(THE PROBLEM):
Write out the data that follows exactly, keeping every picture out.

(SUPPLIED MATERIAL)

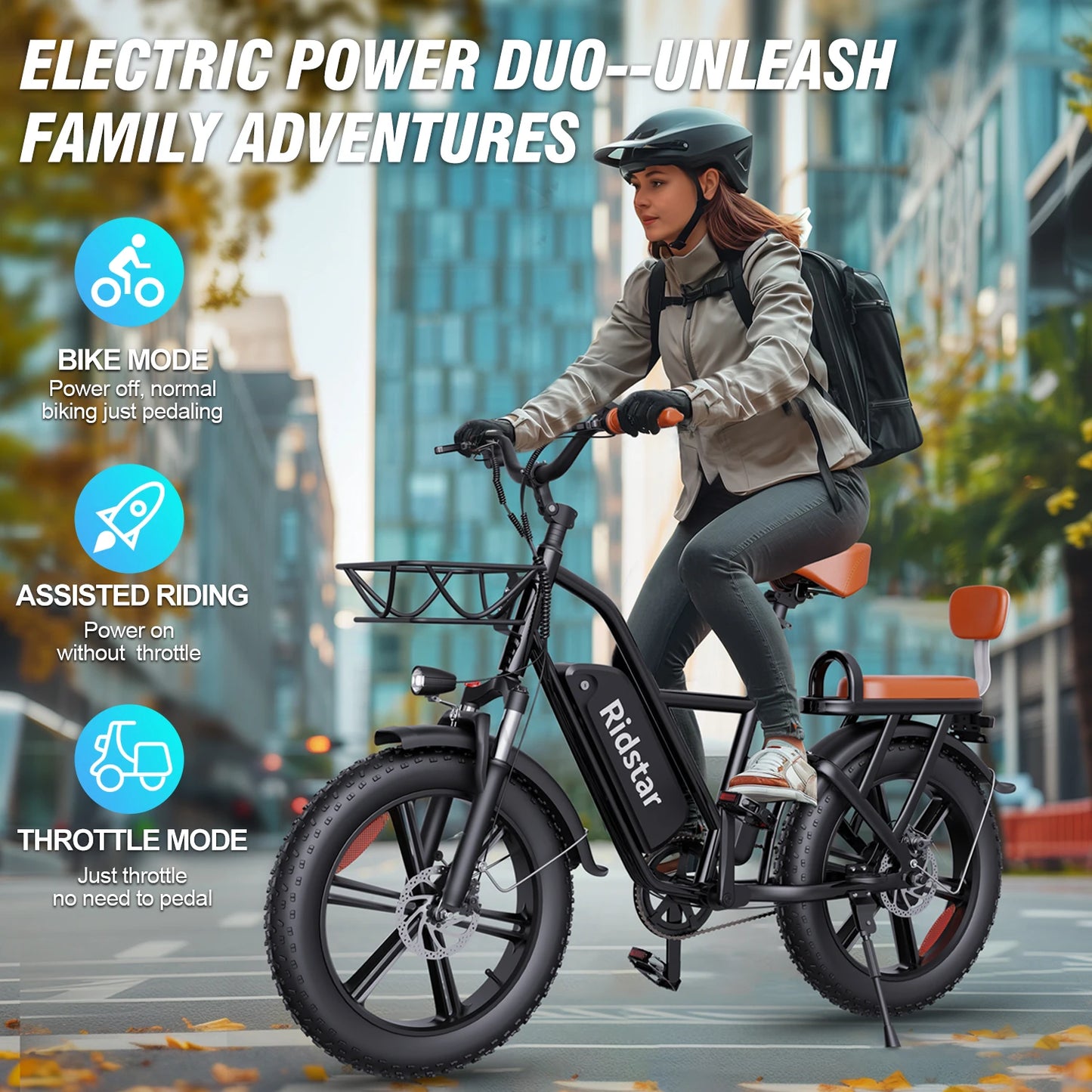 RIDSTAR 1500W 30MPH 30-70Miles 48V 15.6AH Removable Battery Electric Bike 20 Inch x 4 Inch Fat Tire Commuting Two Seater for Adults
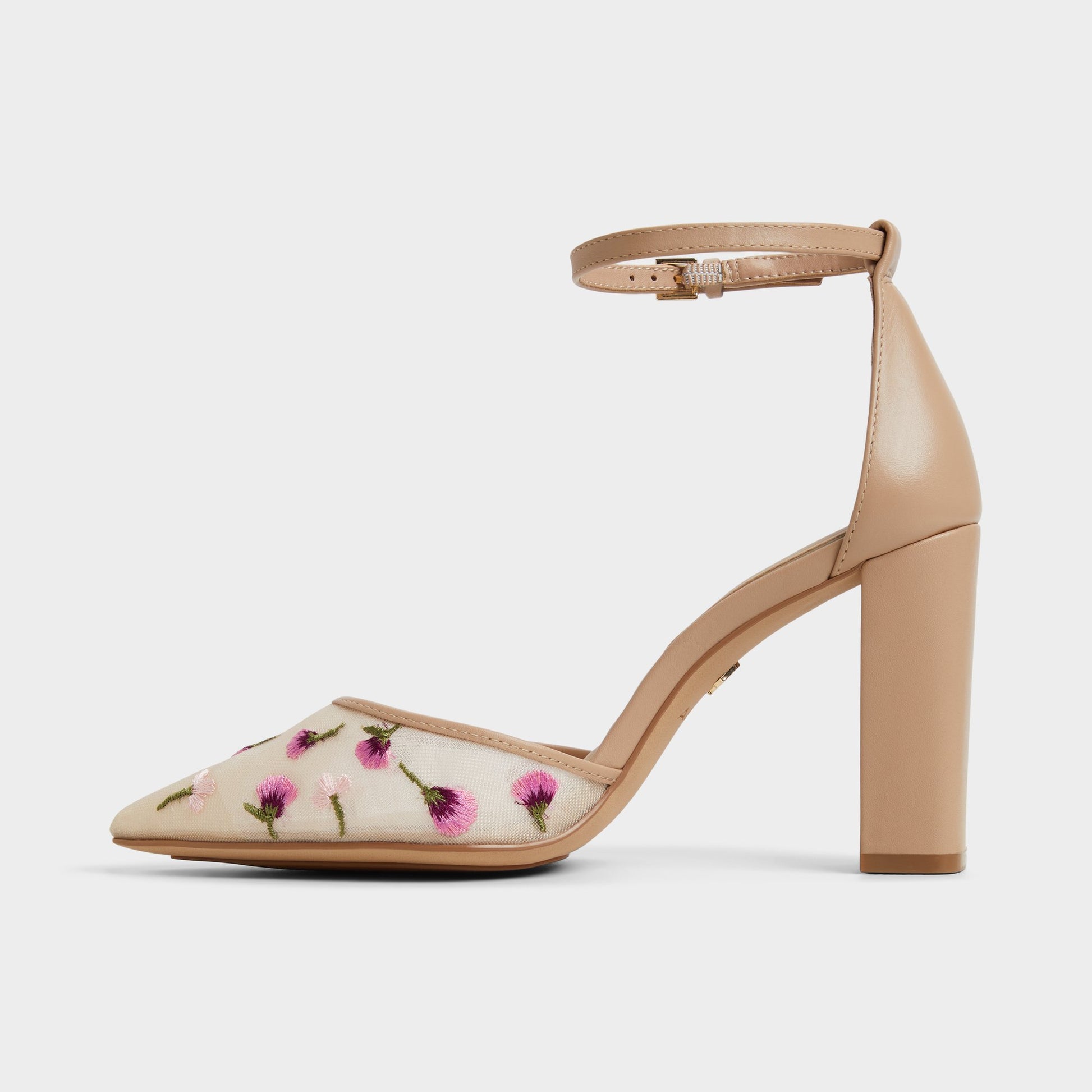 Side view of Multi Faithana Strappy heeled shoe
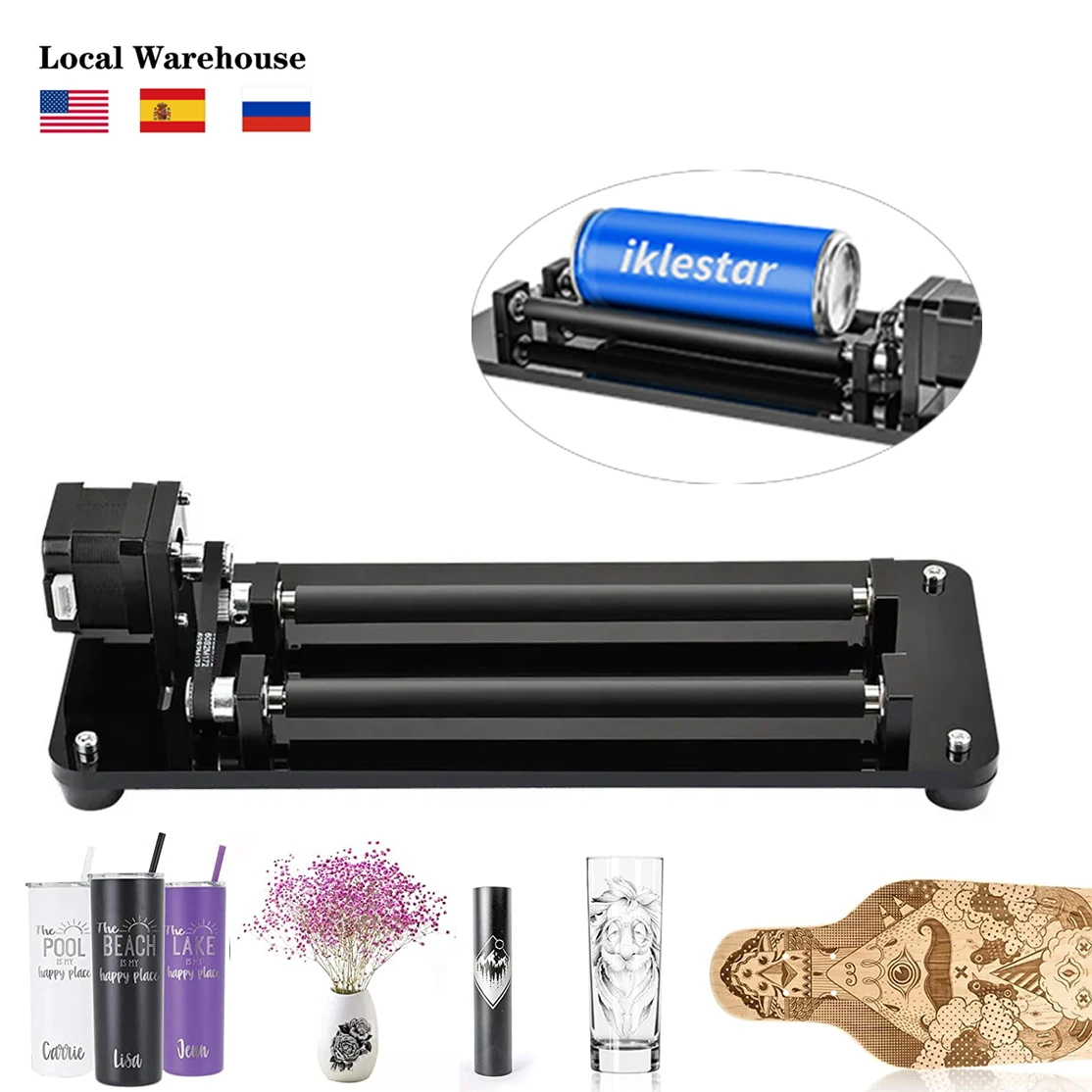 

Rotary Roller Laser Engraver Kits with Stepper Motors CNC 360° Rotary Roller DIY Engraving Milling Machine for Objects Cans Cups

(End SUPPLIED MATERIAL)

(SOLUTION TO THIS EXERCISE):
 RIDSTAR 1500W 30MPH 30-70Miles 48V 15.6AH Removable Battery Electric Bike 20 Inch x 4 Inch Fat Tire Commuting Two Seater for Adults
 Side view of Multi Faithana Strappy heeled shoe

Rotary Roller Laser Engraver Kits with Stepper Motors CNC 360° Rotary Roller DIY Engraving Milling Machine for Objects Cans Cups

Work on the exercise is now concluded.